Так вoт. Приехали они, поболтали мы, позавтракали у нас дома. Потом они и говорят: «Вам, наверное, деньги нужны?» Я говорю: «Деньги? Есть у меня бюджет. Хватает денег». Они говорят: «Ну, все ученые всегда требуют денег, всегда нужны деньги». Я говорю: «Ну, пригодятся, ежели... А что, у вас много денег?» Они: «Есть, на то мы и Рокфеллеровский фонд. Мы вам можем дать, ну, пару тыщенок долларов. Надо только придумать на что. Знаете, вот нам особенно нравятся в ваших оранжереях жучьи работы по экспериментальной эволюции. Ведь это, в сущности, экспериментальное изучение эволюции». Я говорю: «Да, так это и задумано нами было еще в Москве». Они говорят: «Так ведь это совершенно новая штука. Мы так и устроим. На совершенно новое экспериментальное изучение эволюции мы вам подкинем. Ну, сколько?» «Я без денег обойдусь,— отвечаю,— а установка у меня такая: чем меньше денег, тем лучше, чем больше денег, тем больше ответственности. А для человека это самое скверное — ответственность, отвечать перед кем-то за что-то. Это всегда неприятно. А ежели денег я, скажем, не получаю от вас, то мне на вас наплевать с высокой башни. А если я от вас деньги буду получать, то должен буду стараться какие-то угодные вам науки разводить».

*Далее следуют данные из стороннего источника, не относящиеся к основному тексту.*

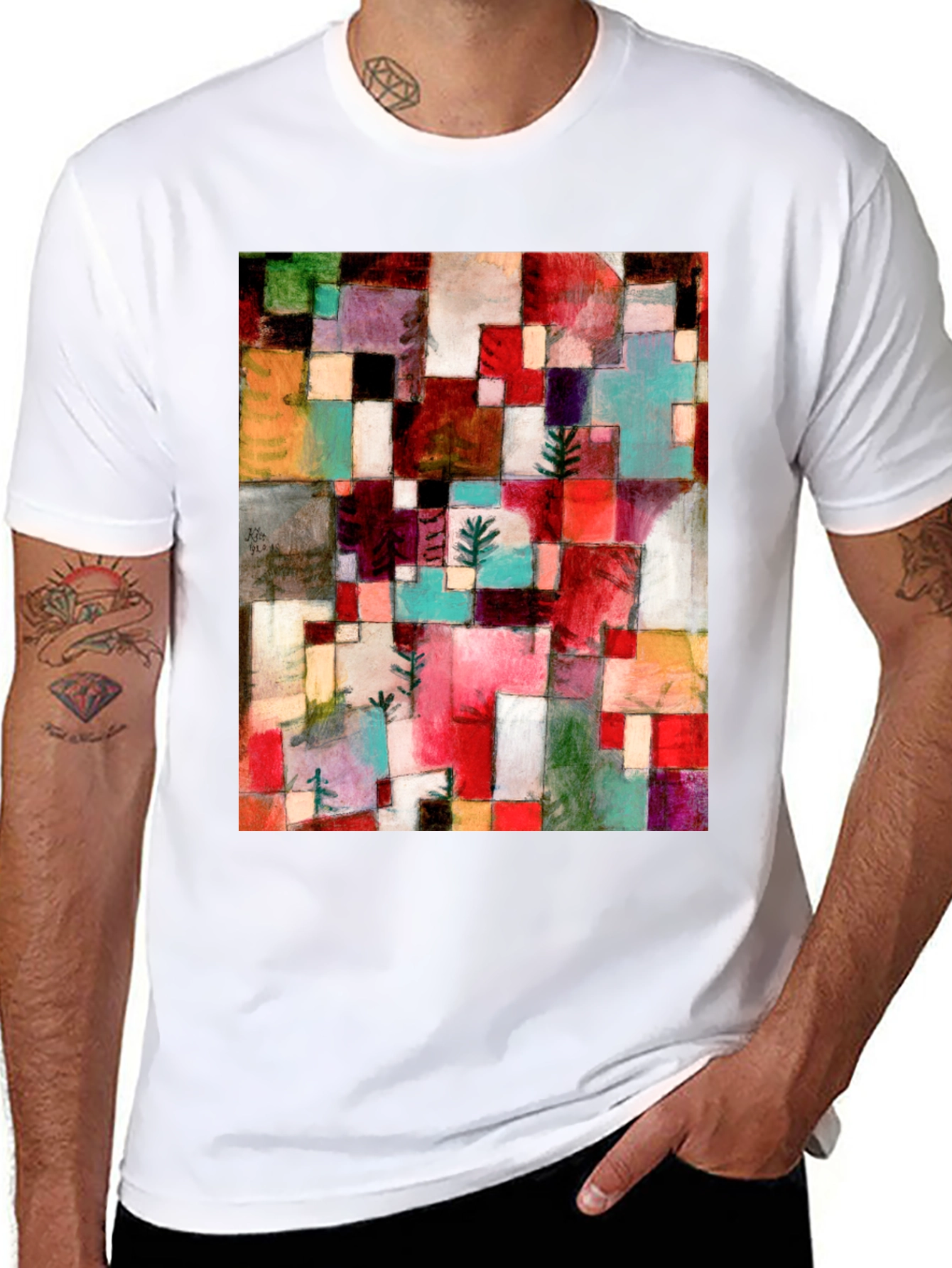 Black Abstract Art T-Shirt: Geometric Design view 8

Они говорят: «Нет, мы вовсе не такая организация. У нас деньги для поддержания развития науки. Вот вашу эту экспериментальную эволюцию мы хотим поддержать и по возможности развить. Раз у вас такое редкостное умонастроение, что вы против денег, то не берите много. Возьмите тысячи три-четыре в год. Это пригодится всегда. Вдруг понадобится лишних парочку дорогих каких-нибудь цейсовских ультрафиолетовых микроскопов, или какая-нибудь другая вещь понадобится, или появится какой-нибудь симпатичный и умственный молодой человек, а у вас как раз нету денег на научного сотрудника. Вот вы и будете платить. Ведь мы-то деньги даем, а на что их тратить, это ваше собачье дело. Хотите — берите себе ассистента, хотите — микроскоп покупайте. Что хотите». Я говорю: «Ну ладно. Что для этого надо?» — «А ничего не надо». Вытащил какую-то книжицу с квиточками и один мне дал. «А дубликат, значит, у нас останется. На квиточке вы распишетесь и мы распишемся. Начнем с первого января. Хотите, разом мы вам все деньги пришлем или как-нибудь частями?» Я говорю: «Лучше поквартально. Еще израсходуешь все разом». И вот договорились мы на пять тысяч в год. Ежеквартально тысяча двести пятьдесят долларов на мой банковский счет переводились с первого января, я уж не помню, какого года — 32-го или 31-го.